One-shot sim-to-real transfer policy for robotic assembly via reinforcement learning with visual demonstration

Abstract

Abstract Reinforcement learning (RL) has been successfully applied to a wealth of robot manipulation tasks and continuous control problems. However, it is still limited to industrial applications and suffers from three major challenges: sample inefficiency, real data collection, and the gap between simulator and reality. In this paper, we focus on the practical application of RL for robot assembly in the real world. We apply enlightenment learning to improve the proximal policy optimization, an on-policy model-free actor-critic reinforcement learning algorithm, to train an agent in Cartesian space using the proprioceptive information. We introduce enlightenment learning incorporated via pretraining, which is beneficial to reduce the cost of policy training and improve the effectiveness of the policy.

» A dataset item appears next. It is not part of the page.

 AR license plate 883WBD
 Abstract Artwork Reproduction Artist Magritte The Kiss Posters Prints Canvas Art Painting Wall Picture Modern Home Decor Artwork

A human-like assembly trajectory is generated through a two-step method with segmenting objects by locations and iterative closest point for pretraining. We also design a sim-to-real controller to correct the error while transferring to reality. We set up the environment in the MuJoCo simulator and demonstrated the proposed method on the recently established The National Institute of Standards and Technology (NIST) gear assembly benchmark. The paper introduces a unique framework that enables a robot to learn assembly tasks efficiently using limited real-world samples by leveraging simulations and visual demonstrations. The comparative experiment results indicate that our approach surpasses other baseline methods in terms of training speed, success rate, and efficiency.